- Born: 1886 Pennsylvania
- Died: 1978 (aged 91–92) Washington
- Resting place: Sunset Hills Memorial Park, Bellevue, Washington
- Education: University of Washington
- Occupations: Lichenologist, teacher, professor of botany
- Employer: Wellesley College

= Grace E. Howard =

American lichenologist

Grace Elizabeth Howard (1886-1978) was an American lichenologist, teacher, and a professor of botany at Wellesley College for twenty-eight years.

== Early life and education ==
Grace Elizabeth Howard was born in Pennsylvania, and raised in Washington, the daughter of Henry and Elizabeth Howard. As a young woman, she was a passionate climber, accompanying her sister Ann Howard on climbs before she was officially old enough to join The Mountaineers. The sisters climbed Mount Noyes, Mount Queets, and the Middle Peak. In 1917, Howard was one of the organizers of the first Mountaineer Knapsack Trip. This, wrote Stella Degenhardt, was "a backpacking, rather than a pack-horse outing which explored the area from Snoqualmie Pass, via Goldmeyer Hot Springs, Lake Dorothy (with dugout canoe), Skykomish River, and Glacier Basin to Monte Cristo".

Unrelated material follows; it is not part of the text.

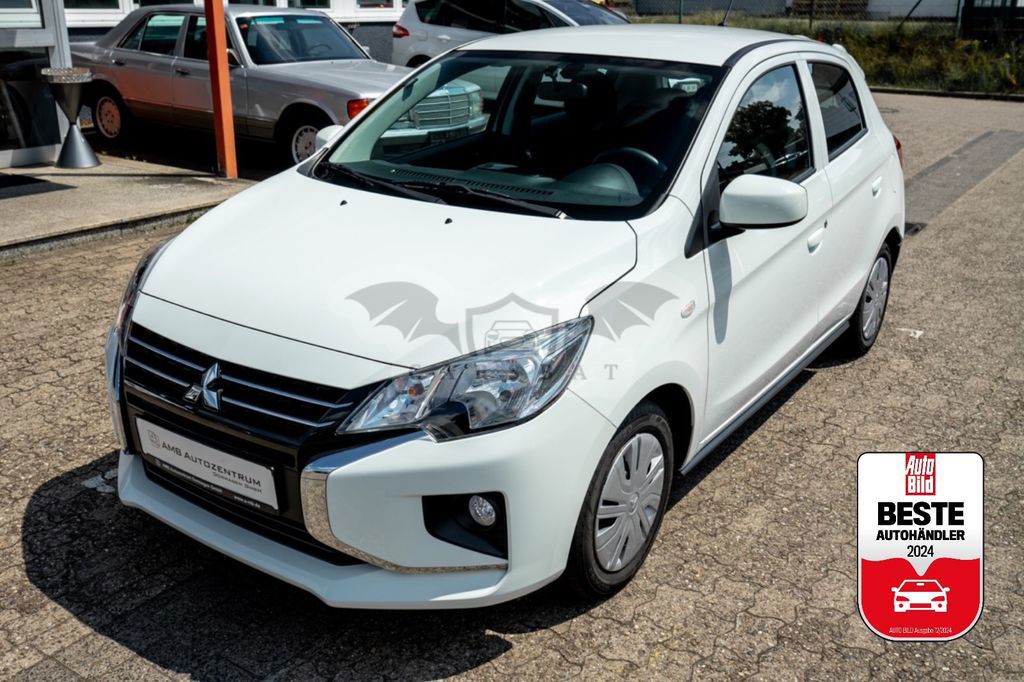 Mitsubishi Space Star 2021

Howard earned her B.A. from the University of Washington in 1911, and subsequently taught at a school in Wapato, Washington. Ten years later, she returned to the University of Washington for her M.S., and then moved to St. Louis, Missouri, where she pursued botanical studies, receiving her Ph.D. in 1923.

== Lichenology ==
Howard began teaching at Wellesley College in 1923, where she would remain for the next 28 years. She began to study lichens on the advice of Margaret Clay Ferguson of Wellesley College and Theodore Christian Frye of the University of Washington. Having grown up in Washington and graduated there, she was drawn to the study of that state's lichens in particular. She began collecting in the Washington in the summer of 1928, followed by a more extensive trip during the summer and fall of 1931, as well as during the summers of 1930, 1934, 1937, and 1938. Howard was promoted from assistant professor to associate professor of botany in 1938. In 1940, on a sabbatical year from Wellesley, she made a further significant trip, followed by additional collections in the summer of 1942.

In a 'Preliminary Report on the Lichens of the State of Washington' (1937), Howard reviewed the work of earlier collectors in the state. In her major work, Lichens of the State of Washington (1950), she corrected her previous omission of the work of Wilhelm N. Suksdorf, who she credited with "an immense amount of collecting in Washington". She also noted the work of Alexander H. Smith, who collected in and near the Olympic National Park.

While at Wellesley, Howard was also the curator of the college's herbarium, directed by Harriet Creighton. She taught general botany, field botany, and plant pathology, while researching the taxonomy and morphology of lichens. She retired from Wellesley in 1952, after twenty-eight years of service as associate professor of botany, and was subsequently made a professor emeritus. Howard was thanked by Vernon Ahmadjian in his 1967 The Lichen Symbiosis, for having "helped remove some of the frustrations I felt as an undergraduate student trying to identify the lichens of Worcester County, Massachusetts".

== Death ==
Grace Elizabeth Howard died in 1978, and was buried in Sunset Hills Memorial Park, Bellevue, Washington.